Children love adults to play with them. It is great if you can follow their lead and join in the fun. Help your child to find the items for a picnic, such as cups, plates and play food (if you have some) or make out of paper.

Encourage your child to give the plates and cups out to their toys and teddies and to share out the food. Have fun talking to the toys and sharing the picnic together. As your child plays, you can comment on what they are doing, using or looking at, to help develop their language. Sharing and interacting with you and the toys at the picnic will help your child to learn how to be better understood. It will also help to develop their imagination and show them how to successfully communicate what they need or want. Sharing out plates and food will help with early maths and 1 to 1 correspondence as each teddy will need a plate, a cup and some food. You can also count how many you would need.


Be a marching soldier

Make an instrument shaker by filling a plastic bottle, tin or small box (secure the lid) with uncooked rice or dried peas. Encourage your child to march around the room while you shake the shaker. When the shaker stops, ask your child to stop and stand up straight like a soldier. Children like to be in control so you could take it in turns to shake the shaker and march. You could do fast and slow marching or loud and quiet shaking. If you can show your child how to be a good listener, your child will learn an essential skill for talking and learning.


Play Simon Says

Have fun with your child by playing Simon Says together. You could play this as your child gets dressed in the morning. The idea of Simon Says is that your child should only follow instructions if you say Simon Says first. For example if you say “Simon Says put your socks on” your child should put their socks on. If you just say “put your socks on” (without saying “Simon Says” first) your child should ignore you. You could play this game anytime, for example while brushing teeth,

having a wash or tidying up. Helping your child to listen and follow simple instructions lets

them know what is happening in their world.


Washing up games

Make washing up into a game for your child.

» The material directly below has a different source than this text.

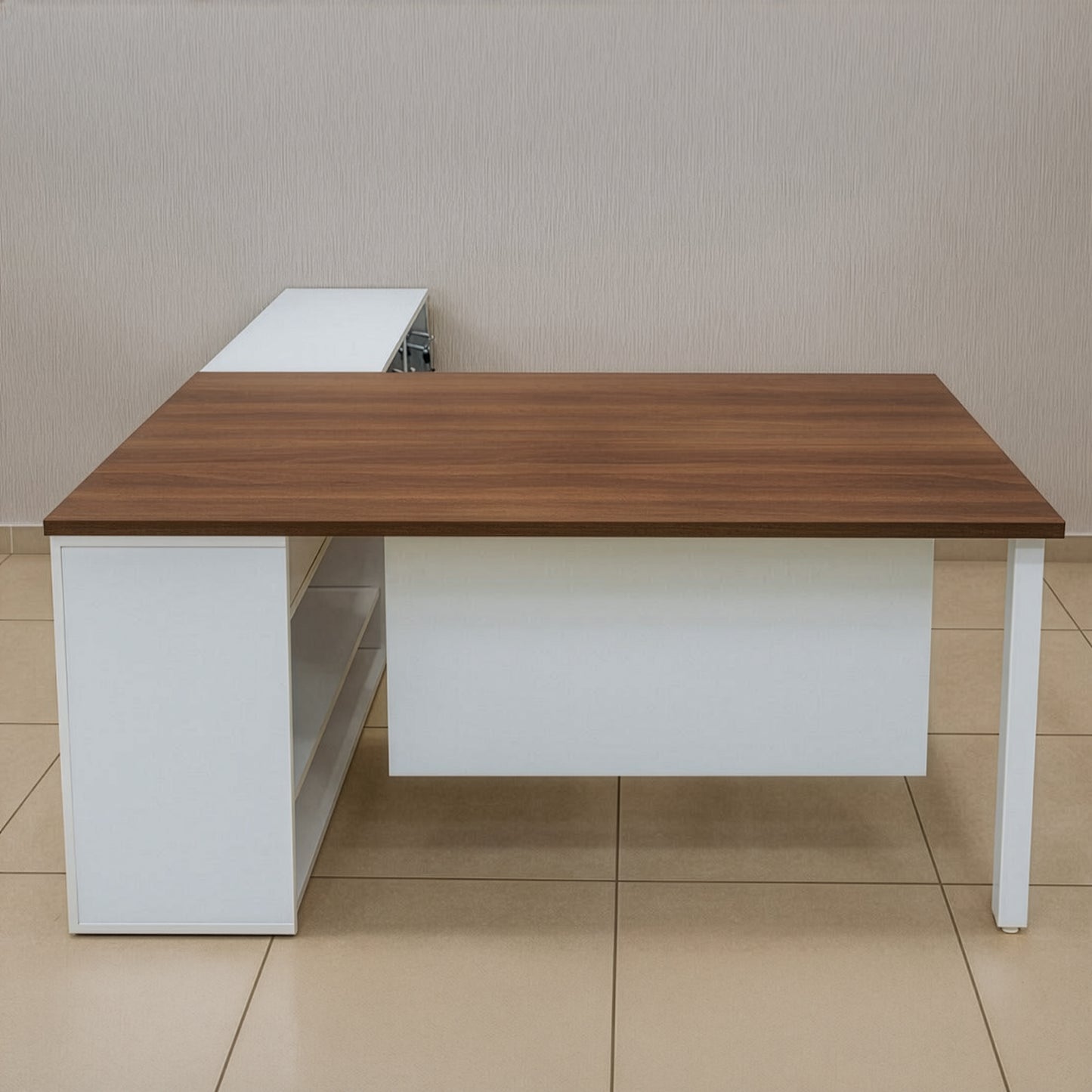 مكتب 160×160×75 سم + شاسيه معدني + سايد - بني وأبيض - AZ50017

Keep it fun and take the opportunity to chat. They can help stack the dishwasher.

• Talk about what you are doing while your child watches you. Use words like scraping and rinsing

• Stack the dishwasher together. Ask questions like “where shall we put this bowl?”

• Let your child press the ‘on’ button


Water play

• Give your child a bucket or bowl of water and big brushes (paint brushes are good) and let them paint patterns on the patio or walls of your house

• Talk about the patterns you are making – round and round, up and down, circle, wavy, straight, it’s like a face, it’s like a snake

• Or give them soapy water and sponges and let them wash toys or garden furniture



Having meals together helps children understand how to take turns and join in the conversation. Turn off the television or radio, as this will encourage everyone to talk.

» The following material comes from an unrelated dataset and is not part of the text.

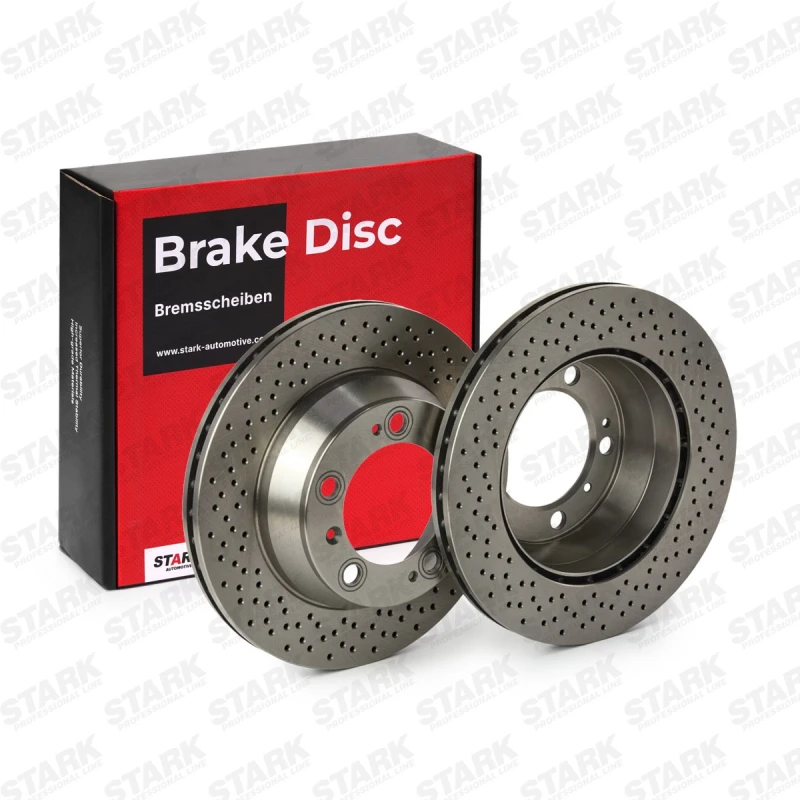 Image of STARK SKBD-0023045 Brake disc Rear Axle, perforated/vented, Cast Iron, Uncoated, Untreated, without bolts/screws Cast Iron Brake Disc (82)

• When setting the table give your child more or less knives and forks than they need. Let them work out if there are too many or too few

• Talk about who sits where and use words such as opposite

• While you eat your meal, talk about what your child has been doing that day



Messy play

Children love to get messy and use all of their senses to explore the world around them. Let your child know it is okay to be messy. You could plan to try this before bath time.

• Give your child objects such as sieves, beakers, spoons or potato mashers, to use in some mixture

• Bury things like shells, pebbles, plastic dinosaurs or animals, in the mixture for your child to find.

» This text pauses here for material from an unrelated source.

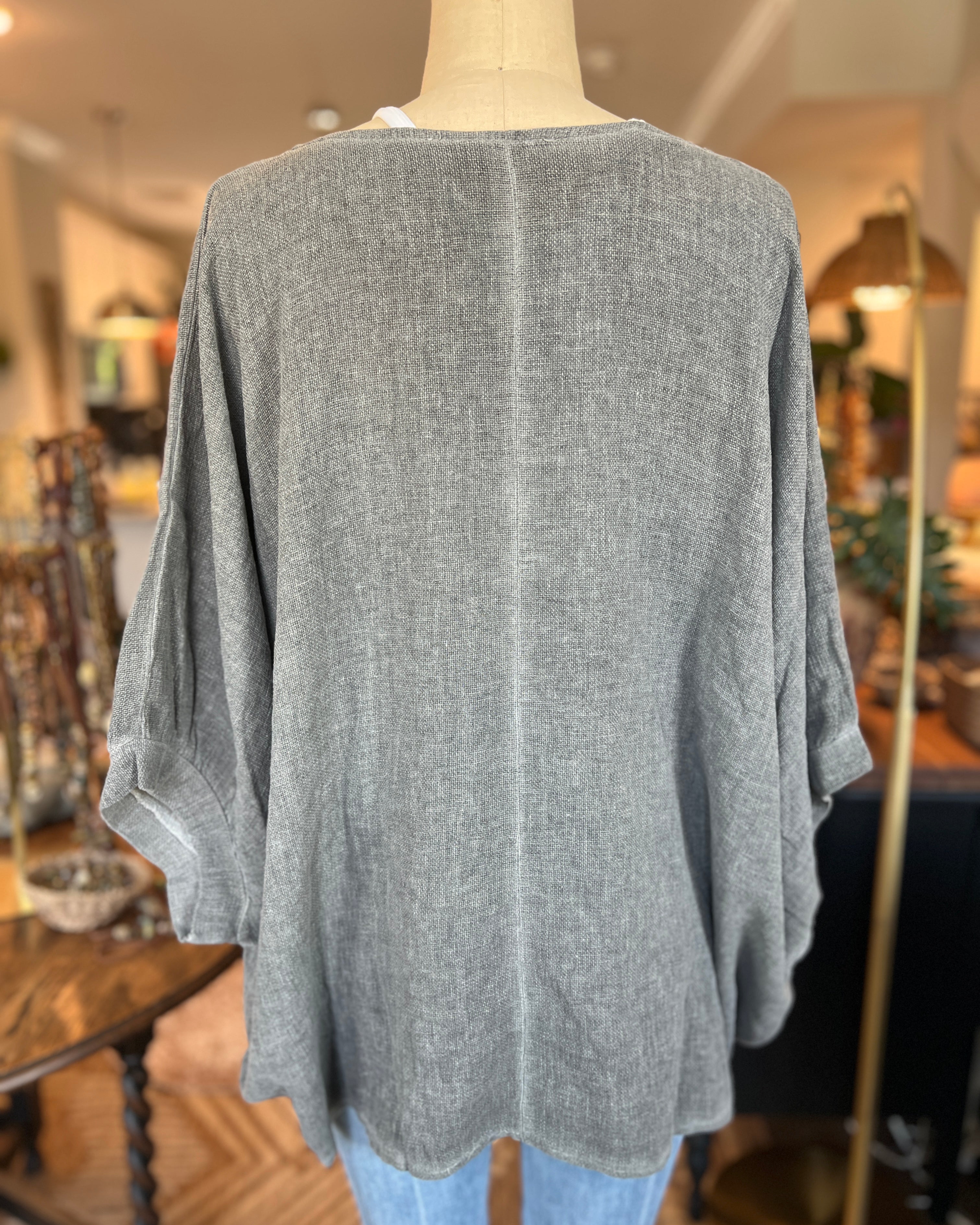 Oversized Balloon Sleeve Blouse (Charcoal Grey)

Fill a washing up bowl or bucket with any of the following mixtures and let your child explore

• Jelly

• Cooked pasta

• Cooked rice

• Mashed potato

• Gloop (mix cornflour or custard powder and water until it is stiff – it will become liquid when handled)



Some other ideas

• Go on a shape hunt while you are out and about or at home, by naming shapes of everyday objects, such as circle, triangle and square. This will help your child learn language for maths.

• Lie on the ground with your child and look at the sky. Describe the clouds you can see, such as large, fluffy and white.

• Hop, skip, balance, climb and crawl to help your child learn build physical skills and develop their vocabulary of doing words by commenting on their play – We are hopping, you can skip.

• Go on a walk with your child to look for bugs, this will help to develop an interest in the world around them. You could then name and describe them and also count how many legs they have.

• Help your child learn words such as on, under, behind, above and next to, by playing hide and seek with their teddy.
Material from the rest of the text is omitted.